Basketball fans around the world exploded when we all found out Anthony Davis was heading to the Los Angeles Lakers. After months of trying to force his way to the purple and gold, Davis and his agent Rich Paul were able to go to the destination they wanted all along. By the time the 2019-20 NBA season starts, Davis will have long since waved bye-bye to New Orleans and set up shop in Los Angeles.
However, there is growing worry within the organization that the deal may affect how the Lakers approach the rest of the NBA free agency period. We will go over the trade and how the Lakers front office may have screwed it up in the long run.
Details of the trade
In landing Anthony Davis, the Lakers shipped out Lonzo Ball (a former No. 2 pick), Brandon Ingram (also a former No. 2 pick), Josh Hart, and three first-round picks.
The picks included the No. 4 pick in the 2019 NBA Draft, which New Orleans traded to Atlanta for more picks, a top-8 protected pick in 2021 that becomes unprotected in 2022, the right to swap first round picks in 2023, and an unprotected 2024 first round pick that can be deferred until 2025.
New Orleans essentially holds the Lakers draft stock for the next half a decade.
How could the Lakers mess it up?
Now we will go into how the Lakers can screw this deal up. The trade can become official on July 6 when the free agency moratorium ends. However, due to salary cap management and the rules of the collective bargaining agreement, a trade that soon would count toward the Lakers’ salary cap, meaning they wouldn’t have an opportunity to sign other big-time free agents.
The Pelicans traded the No. 4 pick to the Hawks, but since the Lakers still owned the pick, they had to choose the player the Hawks wanted (Virginia’s De’Andre Hunter). The other option was picking for themselves, risk angering the Pelicans and Hawks, and having New Orleans cancel the deal altogether.
If the deal is pushed back until July 30, the Lakers can sign Hunter and trade him and his salary to the Hawks, which would clear his salary from their books. Los Angeles can then use the extra money to sign another superstar, allowing them to go over the salary cap to sign Davis to an extension. It’s a very delicate balance for the Lakers, and if they don’t handle it properly, it could sabotage their season.

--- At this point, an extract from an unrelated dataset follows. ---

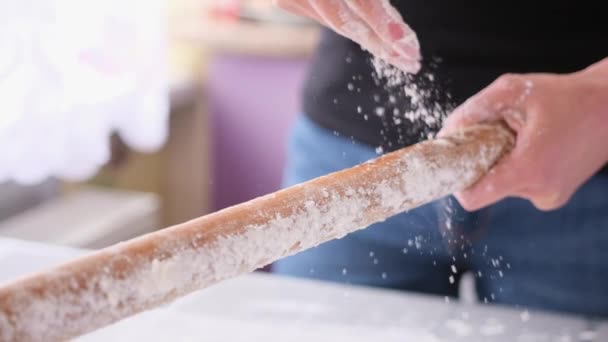 アップルパイケーキの準備シリーズ-女性は木製の圧延ピンに小麦粉を注ぐ — ストック動画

Oh, and it doesn’t help matters that Lakers’ general manager Rob Pelinka is essentially learning how to handle the salary cap on the fly.
Who else can they sign?
If the Lakers do get their wish and postpone the Anthony Davis trade until July 30, who else could they sign?
The leading candidates at the start of free agency figure to be Klay Thompson and Kevin Durant. Durant was rumored to go to the Knicks, but his decision will be up in the air after his Achilles tendon tear in the NBA Finals.
Thompson went down with a torn ACL in the Warriors’ Game 6 loss in the NBA Finals, while there are rumors that Jimmy Butler will sign a max deal to stay in Philadelphia.
Kemba Walker is the next big prospect, as shipping out Lonzo Ball leaves a giant hole at the point guard position for the Lakers. Walker had his best season to date in Charlotte, being named an All-Star starter in 2019.
The big issue will be money, meaning Walker could be looking at an $80 million loss if he doesn’t sign a supermax deal to stay in Charlotte. We think he should leave based on the mediocrity of the franchise. It will be hard for him to pass up that amount of money, but if he wants to play for a potential championship caliber team finding a new team will be his best bet.
When will the trade go down?
Basketball can’t wait to see where Durant, Thompson, Walker, Butler, Kyrie Irving, and Kawhi Leonard end up in free agency. We’re all curious as to which players will be wildly overpaid on their upcoming deals, too. But one of the most compelling storylines of the offseason is how the trade for Anthony Davis shakes out. The Lakers, Davis, and LeBron James are big-time winners in the deal, but there are so many variables. Watching how it unfolds, whether it’s July 6 or July 30, will be fascinating.